__Data excerpt__
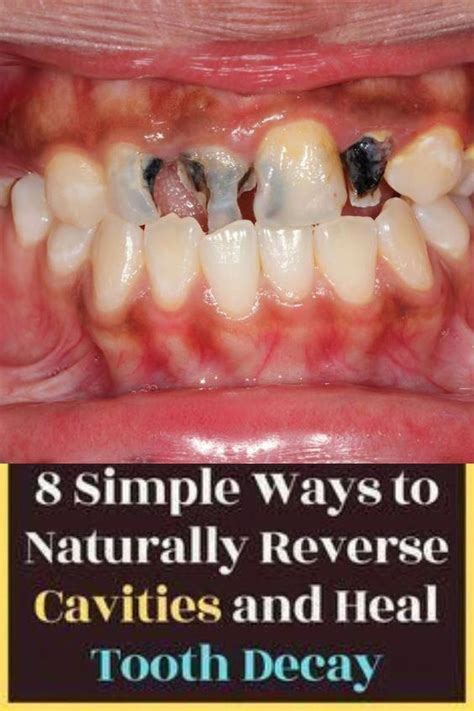 Get Rid Of Cavities And Tooth Decay Brenda Benjamin Artofit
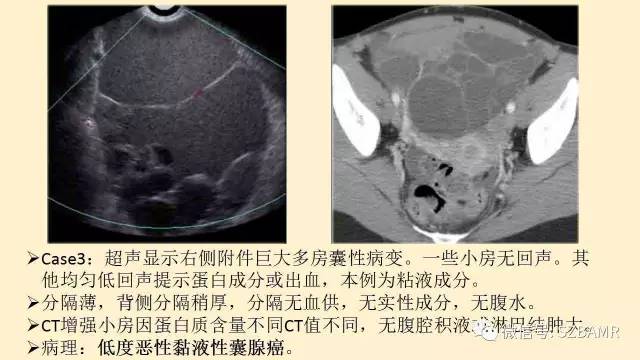 【PPT】卵巢常见囊性病变影像诊断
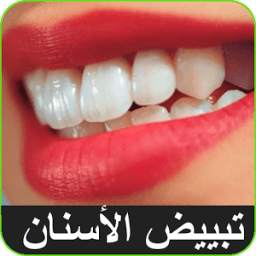 تبييض الاسنان 1.0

__Problem description__
Every line above should be copied exactly; do not carry over the pictures.

__Solution for this exercise__
 Get Rid Of Cavities And Tooth Decay Brenda Benjamin Artofit
 【PPT】卵巢常见囊性病变影像诊断
 تبييض الاسنان 1.0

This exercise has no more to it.